What County In New Jersey , based on above info, should I go to to start the Probate Process? Does it matter? She lived at Arden Court (Essex County), however some of her mail (Pension info etc) was sent toXXXXX where I live, some when to her .... - You would need to file in the county where she resided at the time of her death.
What is the Probate Process i.e., What Steps are Required? - The probate process in a situation such as this would be pretty simple. You would need an attorney to assist you in this regard. You would file a petition to probate the intestate (without a will) estate, asking to be named as the administrator of the estate. Once the court approves you, swears you in as administrator, and gives you "letters of administration", you can use those to transfer any accounts, assets, etc... into your name. You would also need to take care of any debts that she had at the time of her death. It's only complicated when there are a lot of assets and debts, and/or if there are a lot of individuals contesting the distribution of the assets.

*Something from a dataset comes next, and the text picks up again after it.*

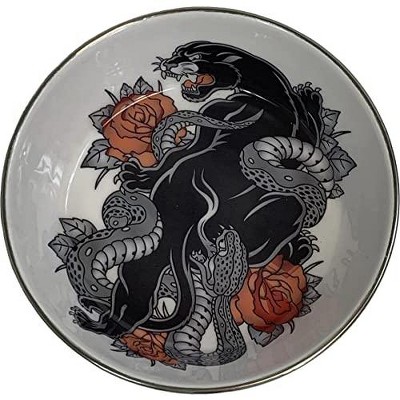 Multipet Komodo Panther Design Enamel Coated Stainless Steel Reptile Bowl - A Durable Feeding Solution with a Modern Twist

What will the transfer costs on the properties be based on the above scenarios when I move the properties to My Name? - The realty transfer fee (RTF) does not apply to sales for less than $100, or those transactions made between husbands and wives or parents and children. Changing a deed to your name would not impose a realty transfer fee either. There are recording fees (around $10 or so) that depend on the county, so I would check with the county clerk of the county where the property is located.
Note: I am assuming I want have to pay estate tax in New Jersey based on the values outlined above , AM i Correct? Actually, probably not. New Jersey collects both an inheritance tax and its own estate tax, separate from the federal estate tax. Under current law, estates with a total value of more than $675,000 are subject to the New Jersey estate tax. The governor, however, has proposed raising the exemption to $1 million.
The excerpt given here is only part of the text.